Bernyanyi di kamar membuat gaduh, mengganggu tamu lain. Menyetel TV dengan keras. Apalagi berbuat onar, bising karena pertengkaran di kamar.

Manajemen hotel yang disiplin, akan mendatangi perokok yang merokok dekat anak-anak. Asap terpapar lebih berbahaya.

Manajemen hotel yang tegas, akan mengusir tamu jika kedapatan pesta, mabuk-mabukkan  di kamar. Belum lagi interograsi oleh pihak sekuriti.

Manajemen hotel dan staf berhak menegur tamu yang tidak punya tata krama. Misalnya komplain dengan teriakan sopran, mengumpat, finger pointing (blame)

Seberapa banyak tamu yang tak sopan? Hmm, tak banyak, namun tak sedikit pula. Itulah.

Hotel menampung segala problema tamu dari yang sangat pribadi sekalipun hingga tuntut menuntut di meja pengadilan.

Tamu demikian, menuai gerutu di belakang layar. Membuat staf tidak respek. Kedatangannya tidak terlalu didambakan.

Lain bangsa, lain pula adab.

Pada tahun silam, hotel-hotel merasa naik daun bila kerap kedatangan grup dari Eropa : Netherland, Belgia, Perancis, Inggris. Grup ini memberi revenue terbesar pada tahun 90-an. Kota-kota yang disinggahi, Jakarta, Bandung, Pangandaran, Yogyakarta, Denpasar.

Pendapatan dari minuman beralkohol. Menu sarapan, makan makan beraneka ragam dan tentu saja mahal.

Berkeliling ke destinasi wisata dengan bus mewah. Hotel-hotel berburu grup bergengsi ini.

Grup Java Fam Trip, De Boer & Wendel, contoh grup terbilang rapi, teratur karena mau diatur dan disiplin. Bahkan tak perlu diberi wejangan. Segala sesuatu terarah.

Berbeda dengan fam trip dari Asia yang punya kebiasaan unik dan latah. Besar kecil, tua muda, saat sarapan selalu hiruk pikuk.

Meski waiter mengingatkan agar makanan tidak keluar restoran, tetap saja roti, cheese, selai, jeruk, youghurt, pisang, pancake, mavin, croissant, dibungkus.

Ada yang dimasukkan tas plastik, dibungkus tisu, dimasukan kedalam tas. Padahal mereka sudah makan di resto.

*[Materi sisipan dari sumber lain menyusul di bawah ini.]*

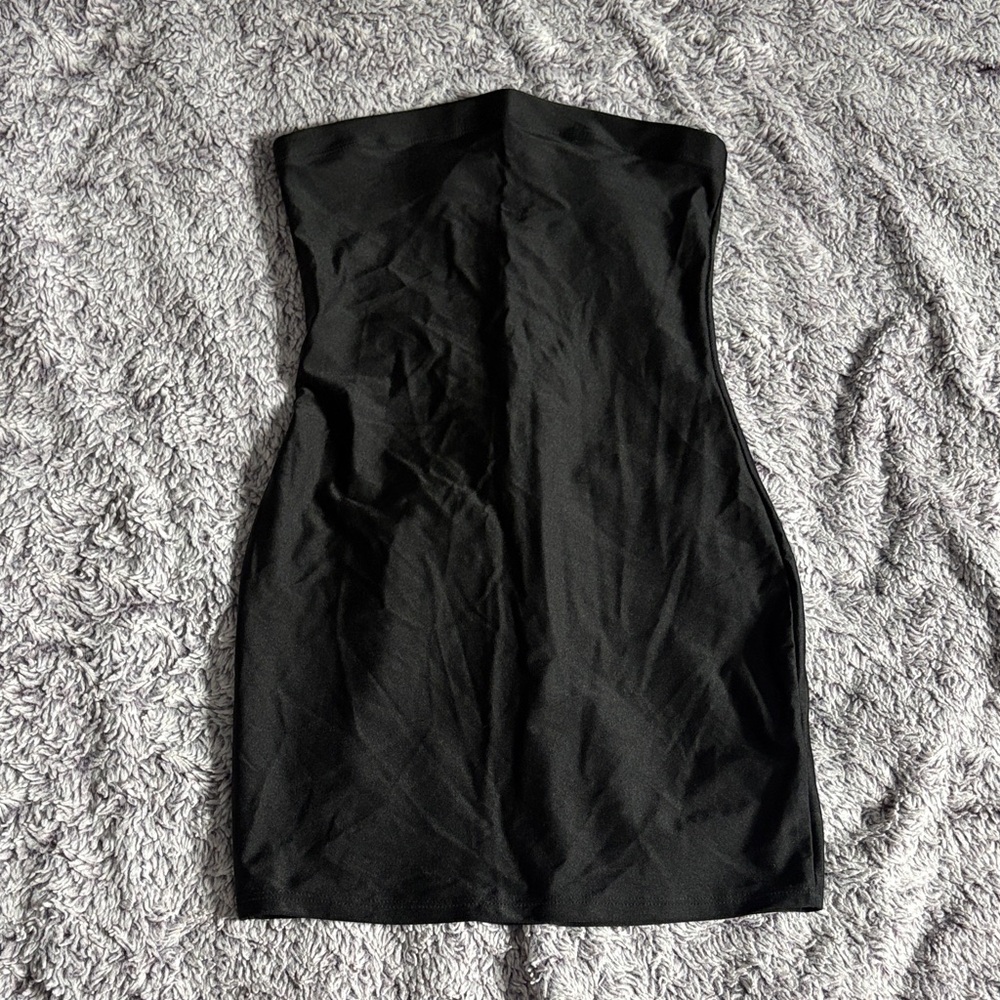 Elegant Black Strapless Dress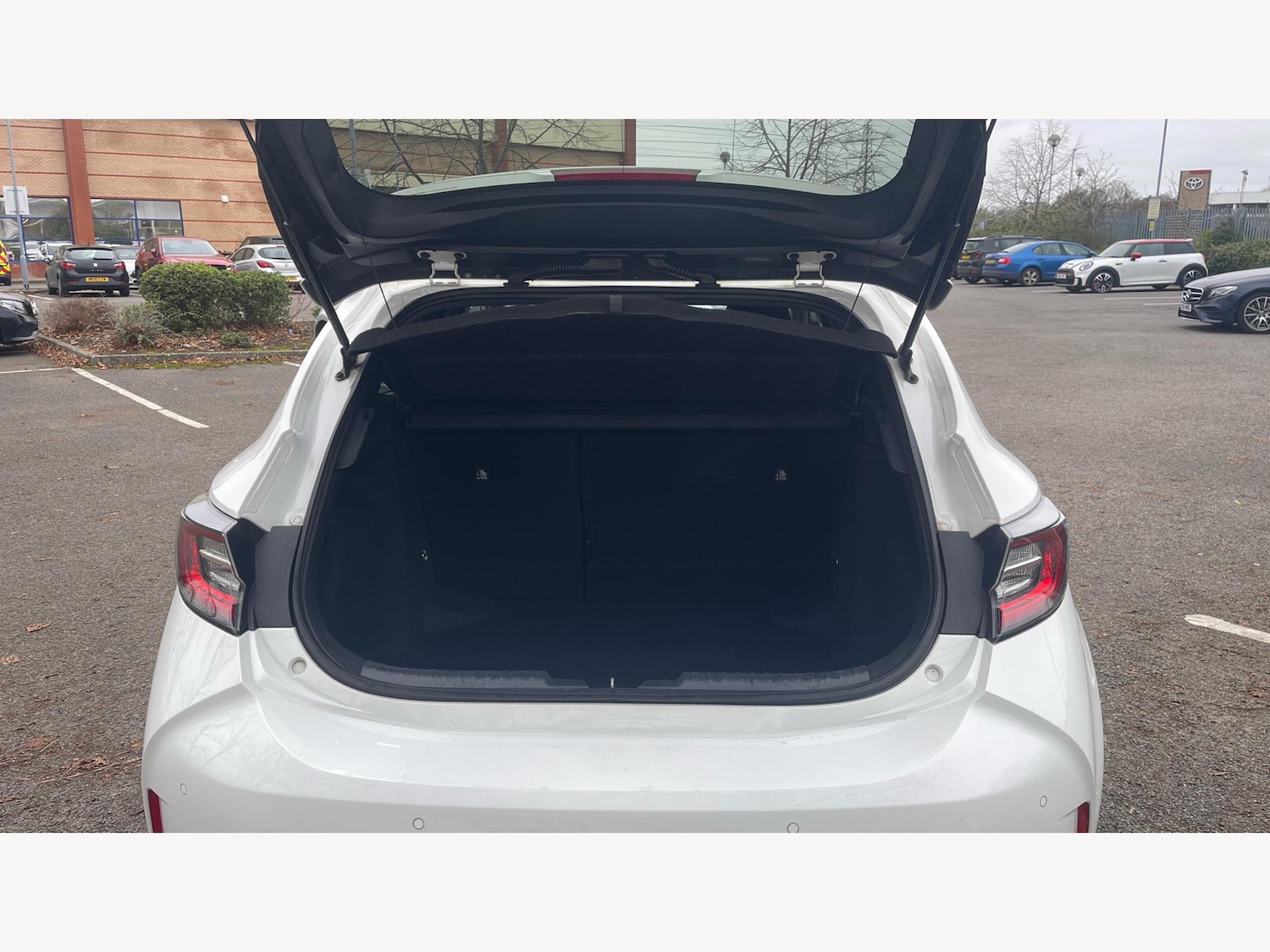 Used Toyota Corolla 2019 for sale - 77120689: Photo 16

Olala.

Entah kenapa tradisi bungkus membungkus dengan tisu itu telah menjadi trade mark grup ini.

Sayangnya hampir semua tamu gak mudeng bahasa Inggris. Jadi, ala bahasa tarzan. Jika tambah panik, kami panggil tour leader. Tapi ia pun tak kuasa. Kasihan.

Bagi hotelier, mari kita perhatikan 2 hal ini agar mengenal lebih dekat tamu-tamu Anda:

1.   Ketahui detail tamu dari asal wilayah, minat, kebiasaan.

2.   Beri tahu aktifitas yang nyaman dilakukan selama tinggal di hotel.

Sesuai standar pelayanan di hotel, setiap tamu dipandang setara. Tamu akan diperlakukan khusus bila  komplain dengan alasan palsu, arogan, melecehkan staf, bersikap rasis.

Hotel adalah rumah besar untuk keluarga besar. The don’t selama tinggal di hotel, hindari hal-hal yang dipandang tidak pantas dilakukan.

Ayahku bilang ora ilok , sesuatu yang tidak baik dilakukan, jangan dilakukan. Dasarnya atas penilaian orang lain terhadap seseorang.

Feel at home tercipta dari suasana ramah, rumah yang aman, nyaman. Berbuat sebebasnya dengan mengindahkan norma kepantasan. Demikian kita mampu menjunjung tinggi martabat sebagai persona yang berbudi luhur.